Paul Orloff, a Fullerton resident, has launched a change.org campaign to bring to justice the four Fullerton police officers who have yet to be charged in the Thomas murder case. In just a few days, more than 14,000 people signed a petition for justice in the murder of Thomas.

While the world gasped in horror at the death of the Chinese girl, in America we walk by the legions of homeless who lie motionless on the side of the street every day.

We are numb to the facts: Hundreds of thousands of them call the streets their home every night. They sleep over subway grates, in alleyways and doorways. As the economy worsens, the numbers on the street are increasing.

Those who call the street home are mostly ignored as if they do not exist. From time to time, a passer-by will show compassion, offering food, money, a kind word. Yet, most of us find ways to harden our hearts to their plight. We dismiss them as junkies, bums, beggars or mentally ill. Cities create laws to banish them from our sight. Yet, each homeless person, no matter his mental, physical or hygienic condition, is a human being endowed with the same soul as anyone else.

In addition to their plight living on the streets of America, literally under our feet, the homeless are also targets of random murders

the latest to make the papers. In just a 10-day period last month, these cases made the news:

On Oct. 13, Casey Daniel Brown was sentenced by Sacramento County Superior Court for the second-degree murder of 68-year-old Bernice Nickson, a homeless woman who approached him at a bus stop.

On Oct. 19, in Butte, Mont., Shane Hans, 35, was charged with deliberate homicide in the killing of a homeless man, Teddy James Hildebrant.

On Oct. 23, Allen Harrell Hunter, from West Palm Beach, Fla., was arrested for the 2008 murder of a homeless man, David Roland Ulmer.
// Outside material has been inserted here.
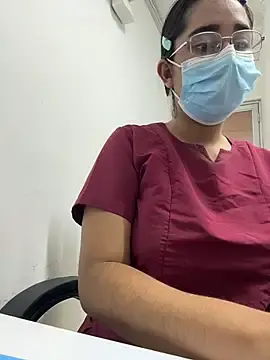 Stripchat Watch Live Sex Cams of Mia_Alanna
Why are homeless people targeted for such random killing? Because they are often regarded as less than human. Some of the murderers have readily admitted that they calculated no one would miss these creatures of the streets.

Thomas’ tragic life and death are causing one city to move forward and continue the soul-searching needed to work on the issue of homeless on their streets. Hopefully, it will not take more grisly videos of a homeless person being bludgeoned, run over or stabbed and left to die by the side of the road for America to start taking notice.